Detención arbitraria y tratamiento obligatorio referido a drogas en México: El rostro del abandono en el encarcelamiento de mujeres

5 febrero 2021

Mujeres en México enfrentan terribles abusos a los derechos humanos en centros ilegales de detención que operan con la excusa de tratar la dependencia a las drogas. Más información, en inglés, está disponible abajo.

In 2019, Equis Justicia para las Mujeres A.C. (Equis hereinto) carried out an advocacy-oriented research on women and girls who use drugs and are in detention, either in prison centres or in drug treatment centres. Our purpose was to listen to and give visibility to women and girls who use drugs, in order to increase knowledge and reduce stigma. Our research collected women’s testimonies on how their drug use began, which circumstances and motivations prompted it and what response they received. We interviewed 43 women and girls in a total of three female prison centres, two public and two quasi-public treatment centres and five anexos.

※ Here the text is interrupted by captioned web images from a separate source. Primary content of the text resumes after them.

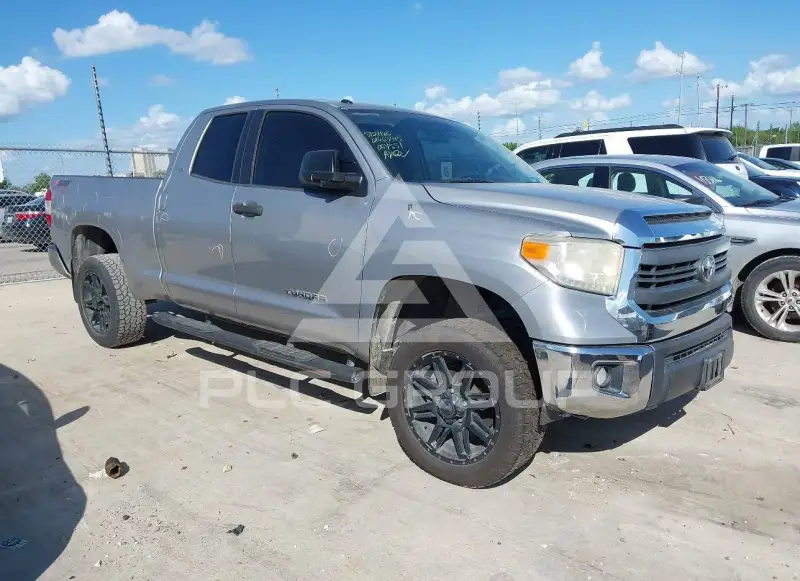 2015 Toyota TUNDRA фото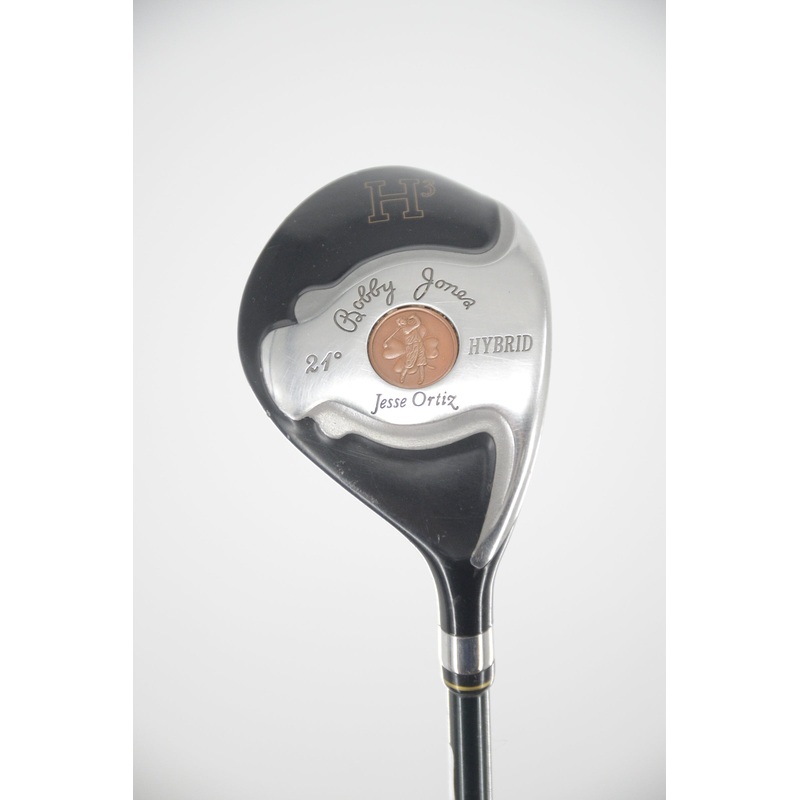 Bobby Jones Jesse Ortiz 3 Hybrid S Flex 40″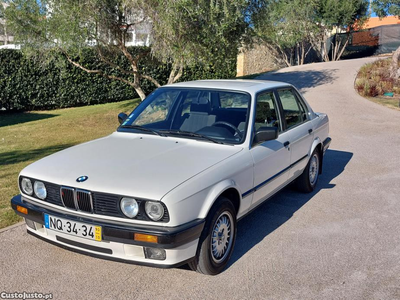 BMW 316 i Touring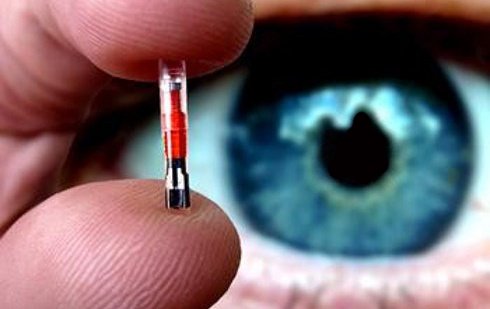 Medical Drug-Pumping Microchip Plan to be Carried out by 2017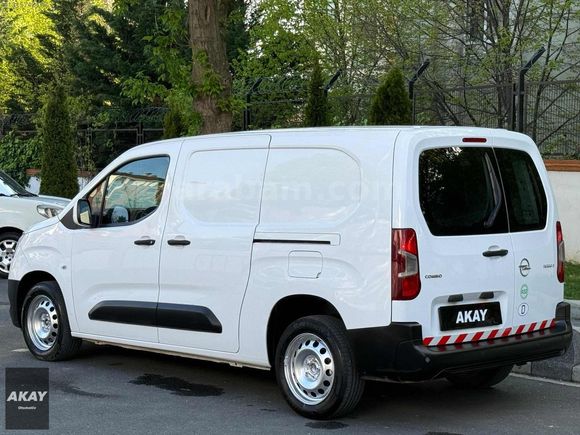 2020 MODEL / UZUN ŞASE FULL+FULL / Taksitlendirme İmkanı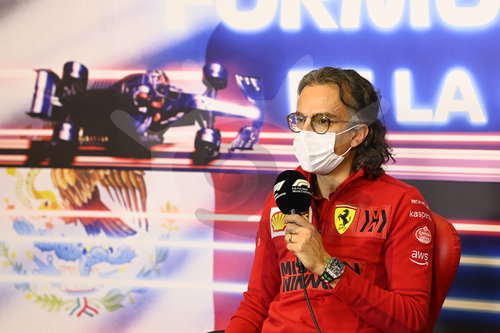 F1 Grand Prix of Mexico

The experience of being locked up in a treatment centre happens at different stages of their lives, but is generally ignited by their families, in response to a situation they see no other solution for. Usually, people who use drugs are taken by their families and forced to enter the centre, or picked up using violence by the centre’s personnel (usually former drug users) in their house, stuck into a van and forced to stay in the centre against their will. Families pay a weekly amount for the person’s maintenance and usually are not allowed to release their relative until the treatment is considered to be over. However, the decision to determine the treatment as successful – on an abstinence-based model – is made by the drug centres’ owners themselves, who are often former drug users or religious figures, such as pastors, and clearly have an economic interest in keeping people inside.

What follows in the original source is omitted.